_How to complete this task_
Please return all lines of the data below containing the string "Used".
+-------+
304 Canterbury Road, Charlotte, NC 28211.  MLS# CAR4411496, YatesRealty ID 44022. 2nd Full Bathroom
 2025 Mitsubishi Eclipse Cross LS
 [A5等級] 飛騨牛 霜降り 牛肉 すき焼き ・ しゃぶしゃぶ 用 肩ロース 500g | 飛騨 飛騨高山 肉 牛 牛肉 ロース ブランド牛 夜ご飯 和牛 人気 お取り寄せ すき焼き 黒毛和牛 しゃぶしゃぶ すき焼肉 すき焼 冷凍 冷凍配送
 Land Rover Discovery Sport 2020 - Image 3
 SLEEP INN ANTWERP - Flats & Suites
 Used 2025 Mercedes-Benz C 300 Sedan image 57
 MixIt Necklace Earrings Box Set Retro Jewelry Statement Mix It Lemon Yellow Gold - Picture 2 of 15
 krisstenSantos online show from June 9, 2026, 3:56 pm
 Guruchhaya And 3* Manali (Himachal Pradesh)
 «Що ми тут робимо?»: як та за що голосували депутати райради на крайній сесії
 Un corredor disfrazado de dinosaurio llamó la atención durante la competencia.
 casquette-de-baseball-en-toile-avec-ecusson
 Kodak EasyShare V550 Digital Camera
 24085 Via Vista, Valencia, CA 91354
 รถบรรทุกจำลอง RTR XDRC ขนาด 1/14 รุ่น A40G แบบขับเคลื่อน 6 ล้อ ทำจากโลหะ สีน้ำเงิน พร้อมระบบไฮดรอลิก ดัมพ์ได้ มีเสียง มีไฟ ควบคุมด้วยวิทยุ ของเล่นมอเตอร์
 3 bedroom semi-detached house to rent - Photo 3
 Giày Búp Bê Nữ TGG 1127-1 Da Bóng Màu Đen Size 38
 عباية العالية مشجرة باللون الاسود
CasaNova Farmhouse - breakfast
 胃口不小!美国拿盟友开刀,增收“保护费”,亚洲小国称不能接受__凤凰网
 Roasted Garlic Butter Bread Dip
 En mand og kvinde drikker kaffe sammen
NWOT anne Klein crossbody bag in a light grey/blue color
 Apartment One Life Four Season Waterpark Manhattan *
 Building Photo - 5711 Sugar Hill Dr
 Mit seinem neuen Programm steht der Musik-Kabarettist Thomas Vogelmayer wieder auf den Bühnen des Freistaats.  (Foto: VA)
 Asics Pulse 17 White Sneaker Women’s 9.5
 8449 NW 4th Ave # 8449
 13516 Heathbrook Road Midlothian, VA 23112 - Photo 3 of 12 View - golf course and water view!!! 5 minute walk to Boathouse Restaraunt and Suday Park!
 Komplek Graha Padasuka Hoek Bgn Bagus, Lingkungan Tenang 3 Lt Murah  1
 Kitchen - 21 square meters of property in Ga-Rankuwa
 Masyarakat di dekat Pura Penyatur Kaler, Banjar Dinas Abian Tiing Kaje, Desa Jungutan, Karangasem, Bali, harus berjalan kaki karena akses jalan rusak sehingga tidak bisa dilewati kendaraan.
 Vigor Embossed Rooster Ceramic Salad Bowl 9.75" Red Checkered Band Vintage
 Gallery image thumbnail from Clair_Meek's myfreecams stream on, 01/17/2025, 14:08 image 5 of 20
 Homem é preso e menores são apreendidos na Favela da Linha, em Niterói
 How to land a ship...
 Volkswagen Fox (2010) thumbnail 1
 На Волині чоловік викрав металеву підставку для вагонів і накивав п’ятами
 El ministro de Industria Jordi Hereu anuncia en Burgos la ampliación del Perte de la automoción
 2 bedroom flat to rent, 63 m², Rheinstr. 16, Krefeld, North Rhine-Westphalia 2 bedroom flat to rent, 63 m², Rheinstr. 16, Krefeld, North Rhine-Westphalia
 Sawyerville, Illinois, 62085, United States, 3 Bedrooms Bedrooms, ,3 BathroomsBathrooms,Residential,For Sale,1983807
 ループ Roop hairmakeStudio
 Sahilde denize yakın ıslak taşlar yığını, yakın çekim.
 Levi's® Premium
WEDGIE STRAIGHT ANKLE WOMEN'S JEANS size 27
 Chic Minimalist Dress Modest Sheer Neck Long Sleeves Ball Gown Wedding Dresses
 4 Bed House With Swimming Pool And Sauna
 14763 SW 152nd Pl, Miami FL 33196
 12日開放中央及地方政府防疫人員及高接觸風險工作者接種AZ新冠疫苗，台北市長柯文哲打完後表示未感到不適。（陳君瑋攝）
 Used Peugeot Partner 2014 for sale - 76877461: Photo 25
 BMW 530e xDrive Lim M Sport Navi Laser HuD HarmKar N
+-------+
_Exercise output_
 Used 2025 Mercedes-Benz C 300 Sedan image 57
 Used Peugeot Partner 2014 for sale - 76877461: Photo 25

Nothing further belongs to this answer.